Hints for designing HBase tables
You can optimize your HBase queries with the proper design layout.
Column families
An HBase table is made of column families which are the logical and physical grouping of columns. The columns in one family are stored separately from the columns in another family. If you have data that is not often queried, assign that data to a separate column family.
The column family and column qualifier names are repeated for each row. Therefore, keep the names as short as possible to reduce the amount of data that HBase stores and reads. For example, use f:q instead of mycolumnfamily:mycolumnqualifier.
Because column families are stored in separate HFiles, keep the number of column families as small as possible. You also want to reduce the number of column families to reduce the frequency of MemStore flushes, and the frequency of compactions. And, by using the smallest number of column families possible, you can improve the LOAD time and reduce disk consumption.
CREATE HBASE TABLE ORDERS
(O_ORDERKEY BIGINT, O_CUSTKEY INTEGER, O_ORDERSTATUS CHAR(1),
O_TOTALPRICE FLOAT, O_ORDERDATE string, O_ORDERPRIORITY CHAR(15),
O_CLERK CHAR(15), O_SHIPPRIORITY INTEGER, O_COMMENT VARCHAR(79)
)
COLUMN MAPPING (
KEY MAPPED BY
(O_ORDERDATE,O_CUSTKEY,O_ORDERKEY),
f:d MAPPED BY
(O_ORDERSTATUS,O_TOTALPRICE,O_ORDERPRIORITY,
O_SHIPPRIORITY,O_COMMENT,O_CLERK)
)...;Encoding
- STRING encoding
-
STRING encoding is portable and is easy to use when you want to map existing data.

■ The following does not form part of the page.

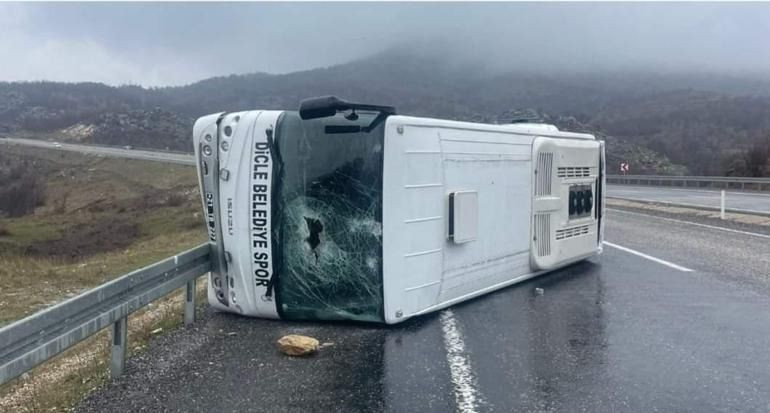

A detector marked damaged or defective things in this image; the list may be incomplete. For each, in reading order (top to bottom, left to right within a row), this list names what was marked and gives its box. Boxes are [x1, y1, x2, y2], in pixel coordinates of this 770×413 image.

shattered windshield [272, 110, 388, 322]
overturned white bus [192, 96, 600, 322]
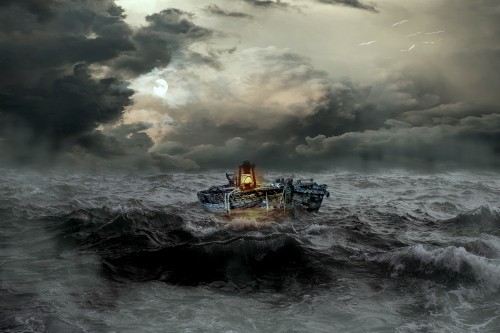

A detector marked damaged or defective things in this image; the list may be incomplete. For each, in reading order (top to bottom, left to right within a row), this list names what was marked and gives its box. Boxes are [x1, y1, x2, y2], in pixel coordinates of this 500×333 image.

Delimited data is a very common form of storing data and it can be easily mapped using Db2 Big SQL string encoding. However, parsing strings is expensive and queries with data encoded as strings can be slow. Because HBase uses a lexicographic ordering, numeric data is not collated correctly.
- BINARY encoding
-
BINARY encoding is sortable. So numeric data collate properly. It handles separators internally and avoids issues of separators that exist within data by escaping the data. Queries on data encoded as BINARY have faster response times.
- custom encoding
-
By using a serializer/deserializer (SerDe), you can read in data, and write it back out to the HBase table in any custom format. However, be aware that by using custom encoding, you cannot use some optimization techniques. Indexes cannot be defined on custom encoded columns. Predicates on custom encoded columns cannot be evaluated by the region server.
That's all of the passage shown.